Basics of Website Hacking | How The Internet Works?

Hello Cyber Learners,

Welcome to my blog on website hacking and how the internet works. In this post, we will delve into the fascinating world of website hacking and explore the underlying principles of the internet that make it all possible. If you're new here, you have to first understand what is website hacking. so, be sure to check out my previous blog post on the lab setup for website hacking What is Website Hacking | Web Application Penetration Testing | Lab Setup Whether you're a curious beginner or an experienced professional, this blog post will provide you with valuable insights into the world of website hacking and the workings of the internet.

How the Internet Works?
The Client-server Model
The Domain Name System
Internet Ports and Their Role in Network Communication
HTTP Requests and Responses
Internet Security Controls
Content Encoding
JSON Web Tokens
The Same-Origin Policy
Conclusion
Commonly Asked Questions

How the Internet Works?

Before you start looking for website bugs, it's important to know how the internet works. Finding website vulnerabilities means finding weaknesses in internet technology. So, it's necessary for all hackers to have a solid understanding of it. If you want to be good at finding website bugs, you need to know how the internet works.

How the Internet Works

Have you ever wondered what happens when you type www.google.com into your browser? How does your browser know which web page you want to see? To understand this, let's start with a basic question and find out how your browser goes from a domain name, like google.com, to the specific webpage you want to visit.

The Client-Server Model

The internet is made up of two kinds of devices: clients and servers. When you want to visit a website, your browser acts as a client and asks the webserver to give you the web page you're looking for.

The Client-Server Model

A web page is actually a bunch of different files and resources that the server sends to your browser. You'll usually get a text file written in Hypertext Markup Language (HTML), which tells your browser what to display. You might also get some Cascading Style Sheets (CSS) files to make the website look nice, and JavaScript (JS) files that make the website more interactive without needing to talk to the server. JavaScript can do things like resize images as you scroll through the page or check what you've typed before you even send it to the server. Finally, your browser might receive some embedded resources like images or videos, which it combines with everything else to show you the web page you're looking at.

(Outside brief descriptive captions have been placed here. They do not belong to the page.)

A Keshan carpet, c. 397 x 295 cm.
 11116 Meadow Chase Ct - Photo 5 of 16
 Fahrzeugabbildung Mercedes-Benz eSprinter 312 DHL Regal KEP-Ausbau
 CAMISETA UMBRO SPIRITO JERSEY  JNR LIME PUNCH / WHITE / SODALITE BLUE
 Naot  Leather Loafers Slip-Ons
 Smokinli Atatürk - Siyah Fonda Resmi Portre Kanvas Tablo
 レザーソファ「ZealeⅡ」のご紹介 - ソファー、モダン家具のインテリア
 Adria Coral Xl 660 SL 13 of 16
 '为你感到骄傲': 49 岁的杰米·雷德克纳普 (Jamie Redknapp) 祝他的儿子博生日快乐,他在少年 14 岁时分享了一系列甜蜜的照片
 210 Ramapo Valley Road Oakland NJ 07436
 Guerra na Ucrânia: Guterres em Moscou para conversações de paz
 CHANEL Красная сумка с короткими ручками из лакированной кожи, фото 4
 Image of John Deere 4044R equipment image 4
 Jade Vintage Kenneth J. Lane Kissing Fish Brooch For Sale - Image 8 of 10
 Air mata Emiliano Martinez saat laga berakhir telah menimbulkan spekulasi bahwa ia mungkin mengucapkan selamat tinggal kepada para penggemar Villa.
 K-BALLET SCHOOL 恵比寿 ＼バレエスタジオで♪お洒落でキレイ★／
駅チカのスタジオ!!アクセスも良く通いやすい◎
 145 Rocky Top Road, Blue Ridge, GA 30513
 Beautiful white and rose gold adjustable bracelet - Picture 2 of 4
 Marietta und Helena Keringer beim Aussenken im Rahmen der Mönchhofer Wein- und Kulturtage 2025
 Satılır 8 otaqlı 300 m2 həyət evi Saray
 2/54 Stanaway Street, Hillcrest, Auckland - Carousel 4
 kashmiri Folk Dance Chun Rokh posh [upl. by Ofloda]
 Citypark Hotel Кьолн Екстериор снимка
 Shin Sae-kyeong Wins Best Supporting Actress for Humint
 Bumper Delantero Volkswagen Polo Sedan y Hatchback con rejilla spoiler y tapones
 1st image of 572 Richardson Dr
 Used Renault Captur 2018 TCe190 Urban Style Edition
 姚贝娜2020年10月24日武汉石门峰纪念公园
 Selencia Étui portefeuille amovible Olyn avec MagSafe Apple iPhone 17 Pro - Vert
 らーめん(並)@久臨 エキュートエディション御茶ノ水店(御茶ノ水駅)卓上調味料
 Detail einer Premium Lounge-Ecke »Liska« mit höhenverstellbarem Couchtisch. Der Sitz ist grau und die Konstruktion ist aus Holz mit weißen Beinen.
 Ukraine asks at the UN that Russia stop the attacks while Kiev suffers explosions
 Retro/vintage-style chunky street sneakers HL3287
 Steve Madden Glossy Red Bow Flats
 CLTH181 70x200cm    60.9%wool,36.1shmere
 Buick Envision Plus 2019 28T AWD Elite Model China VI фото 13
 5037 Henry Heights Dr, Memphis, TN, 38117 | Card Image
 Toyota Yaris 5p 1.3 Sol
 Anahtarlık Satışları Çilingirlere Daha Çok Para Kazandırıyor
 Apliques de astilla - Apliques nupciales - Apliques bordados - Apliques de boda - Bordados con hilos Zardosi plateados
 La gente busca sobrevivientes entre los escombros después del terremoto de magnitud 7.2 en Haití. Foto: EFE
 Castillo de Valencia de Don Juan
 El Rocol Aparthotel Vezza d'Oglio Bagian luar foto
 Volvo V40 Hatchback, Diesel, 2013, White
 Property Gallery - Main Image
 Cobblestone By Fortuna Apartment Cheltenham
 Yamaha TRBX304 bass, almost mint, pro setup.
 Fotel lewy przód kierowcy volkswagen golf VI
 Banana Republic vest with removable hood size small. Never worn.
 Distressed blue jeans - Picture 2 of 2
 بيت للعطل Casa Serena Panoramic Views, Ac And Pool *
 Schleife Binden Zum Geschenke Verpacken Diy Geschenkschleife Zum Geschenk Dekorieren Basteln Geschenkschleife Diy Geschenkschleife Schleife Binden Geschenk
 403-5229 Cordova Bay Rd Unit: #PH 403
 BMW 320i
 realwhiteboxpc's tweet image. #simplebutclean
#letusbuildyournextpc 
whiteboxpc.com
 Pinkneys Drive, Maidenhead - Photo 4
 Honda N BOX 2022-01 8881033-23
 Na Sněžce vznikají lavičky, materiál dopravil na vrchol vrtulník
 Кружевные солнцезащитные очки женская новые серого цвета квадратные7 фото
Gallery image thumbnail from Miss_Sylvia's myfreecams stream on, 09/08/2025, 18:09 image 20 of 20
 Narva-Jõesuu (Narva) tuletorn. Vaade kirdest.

But servers don't just give web pages to users - they also let different applications talk to each other and share data in a controlled way using something called a Web API. For instance, Twitter's API lets other websites ask Twitter's servers for data like public tweets and their authors. APIs like this power all sorts of things on the internet, and we'll talk more about them (and their security issues) later on.

The Domain Name System

Have you ever wondered how your web browser knows where to find the resources you request? Well, every device on the internet has a unique Internet Protocol (IP) address, but these addresses are a combination of numbers and letters that are difficult for humans to remember. That's where the Domain Name System (DNS) comes in to make things easier.

The Domain Name System

Think of the DNS as the phone book for the internet. It translates domain names (like google.com) into their corresponding IP addresses (like 172.217.0.46). So, when you type a domain name into your browser, the DNS server is the one that converts it into an IP address that can be used to find the resources you're looking for.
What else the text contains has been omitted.